These clubs were professionally organised and found a wide audience in all walks of life. They then changed from action groups into discussion partners who thought along and collaborated on the new layout of the cities and the country. This is how the Dutch got their relatively human-friendly residential areas and the most finely-meshed network of cycle paths in the world, which, as an unexpected side effect, makes the Netherlands also one of the best countries to drive a car. It has shaped our country, quite literally, even beyond the bike paths. Thanks to the bicycle, we can more easily take the train and thanks to the train, we can cycle more easily. And that combination in turn shapes our urban layout.
In the 1970s, the Dutch transport economist Geurt Hupkes conducted research into how often, how far and at what speed people move around the world every day. He discovered: whether they lived in Peru or in Singapore, in the Netherlands or in the Soviet Union, and whether they had a car, a bicycle or only a footpath: the majority of people always turned out to spend 70 to 80 minutes a day on the road, if you add up all the trips to friends and family, to work and to the store. This is called the travel time constant.
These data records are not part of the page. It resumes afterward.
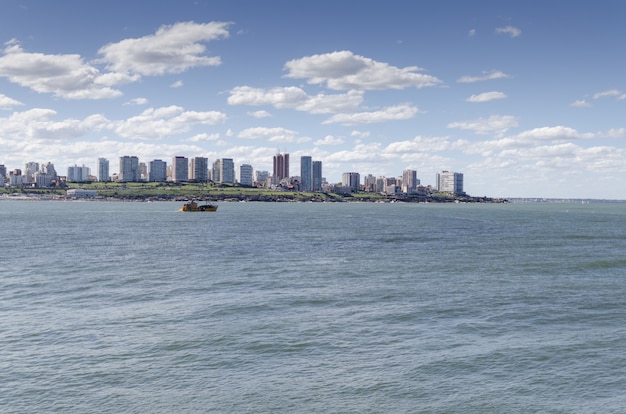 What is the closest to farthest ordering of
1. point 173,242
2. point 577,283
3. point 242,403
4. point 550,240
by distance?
point 242,403 < point 577,283 < point 173,242 < point 550,240

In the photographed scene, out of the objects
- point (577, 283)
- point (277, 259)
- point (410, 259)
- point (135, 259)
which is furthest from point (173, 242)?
point (577, 283)

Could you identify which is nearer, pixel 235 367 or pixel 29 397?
pixel 29 397

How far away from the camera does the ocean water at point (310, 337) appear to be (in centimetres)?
2666

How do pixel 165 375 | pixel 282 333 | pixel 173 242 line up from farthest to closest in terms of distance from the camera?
pixel 173 242 < pixel 282 333 < pixel 165 375

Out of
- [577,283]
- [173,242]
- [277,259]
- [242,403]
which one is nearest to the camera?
[242,403]

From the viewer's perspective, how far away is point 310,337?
36.3 meters

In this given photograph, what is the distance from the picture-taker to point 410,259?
78.9 metres

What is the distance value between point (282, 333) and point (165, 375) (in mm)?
9574

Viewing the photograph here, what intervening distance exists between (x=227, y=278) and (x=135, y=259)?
23373 mm

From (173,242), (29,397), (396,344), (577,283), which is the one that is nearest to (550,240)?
(577,283)

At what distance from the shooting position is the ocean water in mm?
26656

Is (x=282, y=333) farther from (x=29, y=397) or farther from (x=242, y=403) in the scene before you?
(x=29, y=397)

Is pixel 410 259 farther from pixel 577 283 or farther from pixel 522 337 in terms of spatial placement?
pixel 522 337

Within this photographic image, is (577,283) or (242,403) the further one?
(577,283)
Because travel time is constant, if we build a new stretch of freeway, it will not save time, but will make us cover more distance. Around new infrastructure people will start building new houses, offices and venues, located at greater distances. As a result, your work and your family are often no longer within walking or cycling distance, as they were before the 1950s.
For many people in the world, even the supermarket is no longer within walking distance, and it is too dangerous to walk there with all that car traffic. And so you have to take the car to do that, too, and that’s why the traffic jams are coming back.
Why do we keep building highways anyway, even though we’ve known the time travel constant for decades? Because we use traffic models, which predict at what point in the future freeways will become congested. These models now govern the political decisions and seem neutral. But they aren’t: political choices are solidified in those models, such as the idea of minimising travel time losses. Which also means travelling is seen as something of negative value.
Politicians leave decisions about the street, including those about life or death, to the models of technical professionals. Moral choices, such as whether or not to increase a speed limit or what kind of schoolyard you want, are converted into risk calculations. As a result, no one currently bears the political responsibility for the human costs of our mobility system. And these are very large. Consider, for example, the long-term impact that many traffic crashes have on a large circle of people involved.
As a society, we have become dependent on a mobility system that is geared to maximising traffic flow, which can only be achieved by designing our streets and land for machines. We think we accept that as a society. But many people want it to be different. That starts with breaking free from traffic logic.
How to escape the assumption that everything must be designed solely to get from A to B as quickly and efficiently as possible? Many professionals and citizens are trying to figure this out, for example by focusing on the independence of children, equality, health and happiness. They are learning how we can start to see mobility as something that belongs to ourselves again, instead of a service provided by companies.
In the last few decades, the Dutch have become world famous for their segregated bicycle lanes, which very much benefit both motorists and cyclists. But they also are a product of traffic engineering, segregating people safely along their modes of transport rather than creating a shared public space that can be used by society for a variety of possible uses.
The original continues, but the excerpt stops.